═════ Raw data ═════
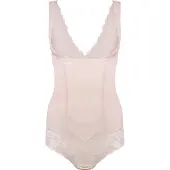 Magic bodyfashion Muotoileva body 'Super Control' nude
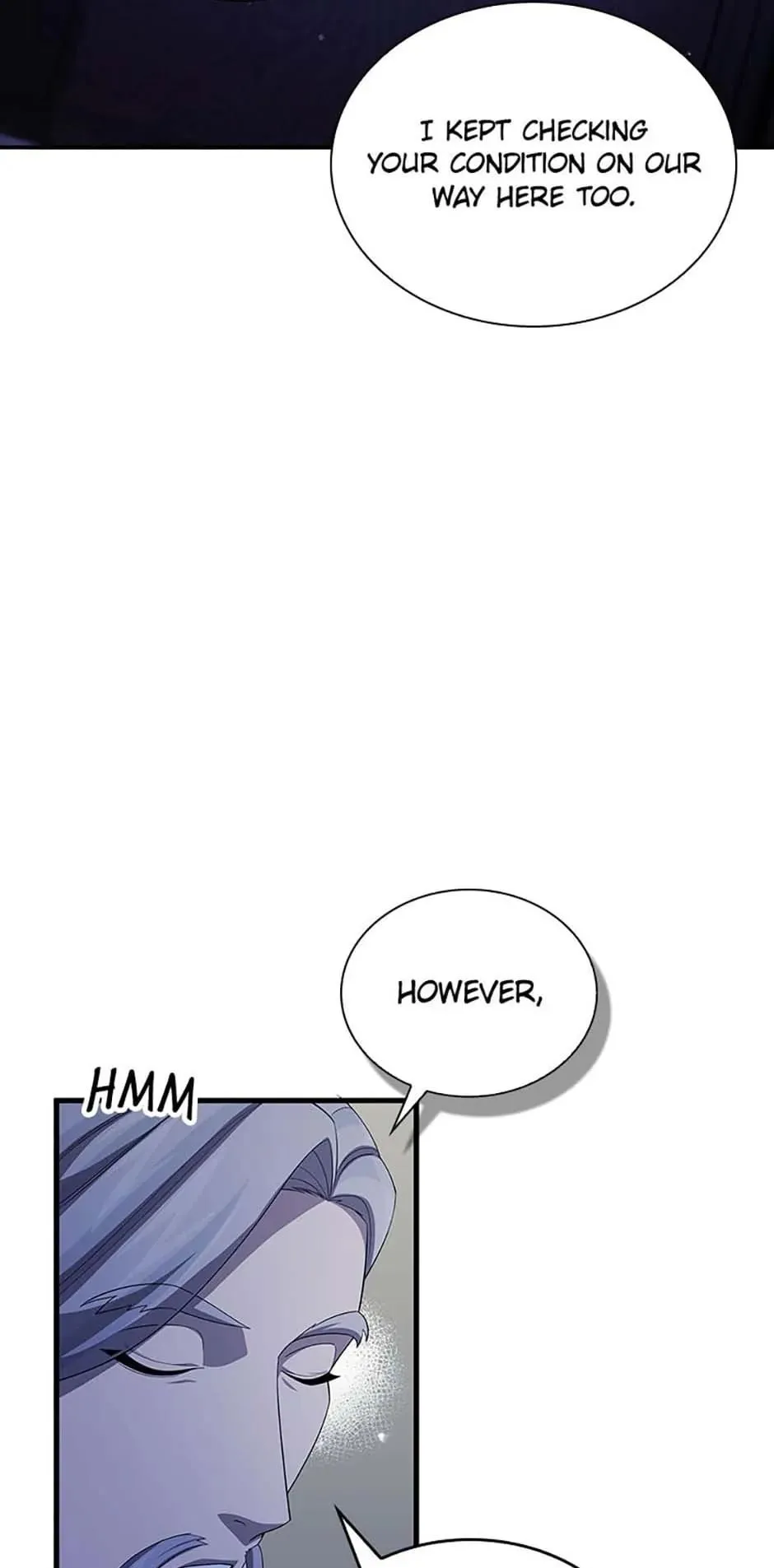 The Stormy Inn Chapter 138 Online - pƔgina 8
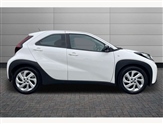 Toyota Aygo Image 6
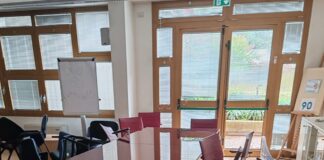 Maltempo: ingenti danni alla RSA Sartor di Castelfranco, ma ospiti tutti in sicurezza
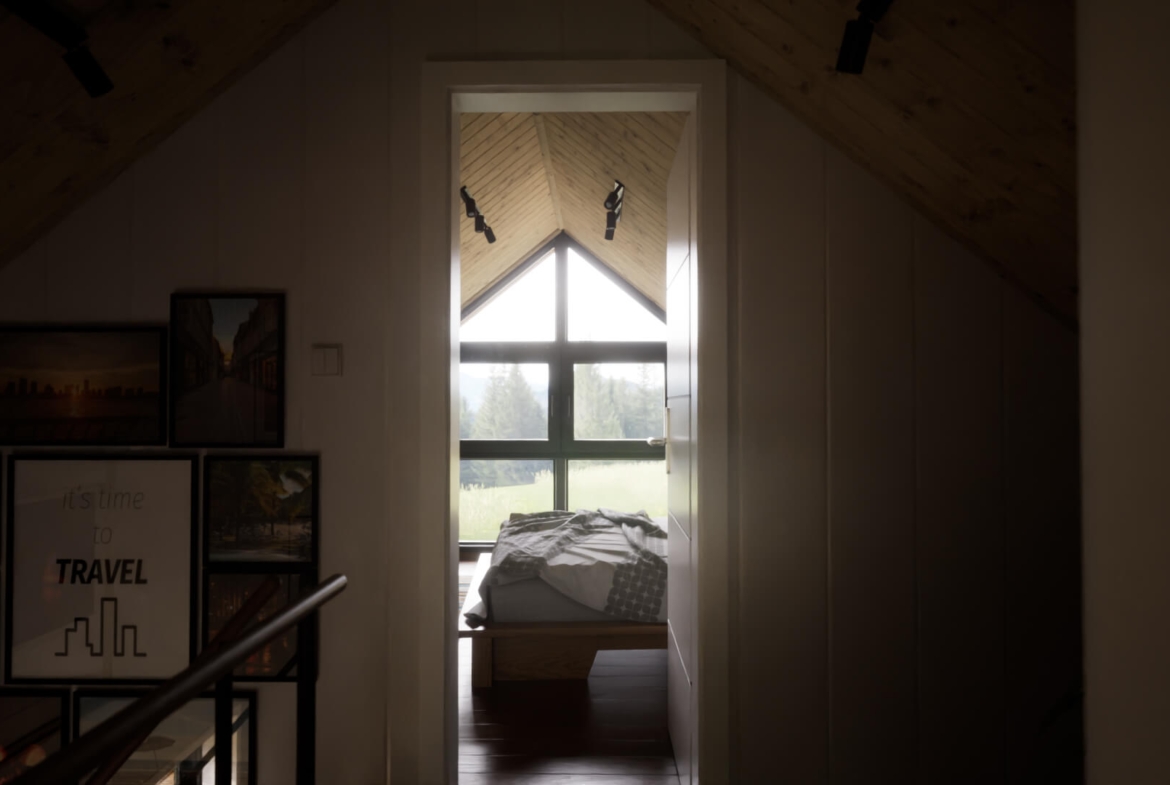 Grafika: dom mobilny wenus70 14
═════
-- Exercise description --
Each record above goes into the copy unchanged; the pictures do not.

-- Response area --
 Magic bodyfashion Muotoileva body 'Super Control' nude
 The Stormy Inn Chapter 138 Online - pƔgina 8
 Toyota Aygo Image 6
 Maltempo: ingenti danni alla RSA Sartor di Castelfranco, ma ospiti tutti in sicurezza
 Grafika: dom mobilny wenus70 14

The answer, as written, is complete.